子どもがいるからといって気を取られず、親は自分のするべき仕事をしながら待つ。

母親ノートをつけながら対応の仕方を見直し、変えながら待つ。

 

夕方からは(皆が家に帰ってくる時間になってからは)子どもの言う言葉をしっかりと聞いてやりながら、 ひたすら受身になって待つ。

 

どういう心で待つのか

私が支援機関で学んできたことはこのような心でした。

まず「学校が悪い、友達が悪い」という不足不満の心を捨てる。

そして、うちは「この子の性格なんとかならないの?!」と子どもに対しての不足不満があり、「そんな性格に育ててしまったのは自分」という考え方。まず自分が変わろうとする心。

自分の思い込みを考え直そうとする素直な心。

子どもは周りに支えられてこそ育つという感謝の心。

 

ただ、いつもこういう風にはできませんでした。 失敗の連続、親がいつまでも変わない、40年も生きてきたんだから、難しいな~と自分でうんざり。。。。

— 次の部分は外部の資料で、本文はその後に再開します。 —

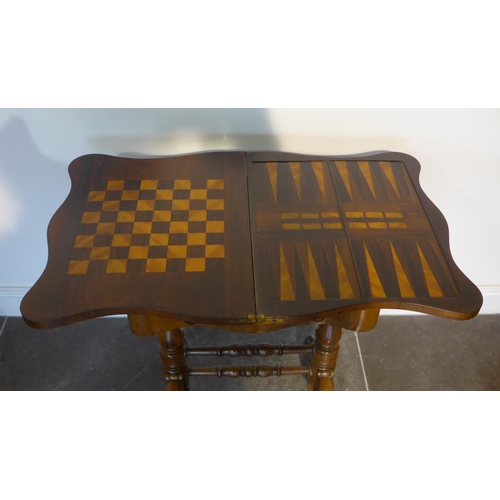 80 - A Victorian rosewood foldover top games worktable with games board top over a fitted drawer on turne...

でも努力しているうちに子どもの方がどんどん、変わっていったんです。

 

それはまさに「充電」していっていると言ってもいい様子でした。

 

我が家の充電の様子

「充電」と言っても、うちの場合は神経症がとてもひどくて、まともに歩くこともできない状態、私には「あっちいけ」しか言わない状態でしたから、それが徐々にゆるくなっていったというところでしょうか。

 

そして特に元気になっていくと言うわけでもなく、ただ退屈そうにノートにいろいろ書き込んでいるばかり。夕方になると決まったテレビをみている、口数が減って自分なりに自分がこのままではよくない、次の一歩をどうしようかと考え始めたといったところでしょう。(日記をあとから読んでわかりました)

 

支援を受ける前は家族旅行に行ってみたり、映画を見に行ってみたり、楽しいことをして喜ばすことが充電だと思っていましたが、どれも本当の充電ではなかった・・・

特に次につながることにはならなかったと後から思い返します。

 

登校刺激のことは別のトピに書きましたが、その後は私に自分からいろいろ話しかけ、私もできるだけ本人をサポートするようにしました。

そうすると母と娘の関係も修復できてきました。

髪の毛をずっとほったらかしだったので、伸び放題、団子状態になっていて、可哀想だったのですが、不登校前からずっと私が髪を触るのを嫌がっていました。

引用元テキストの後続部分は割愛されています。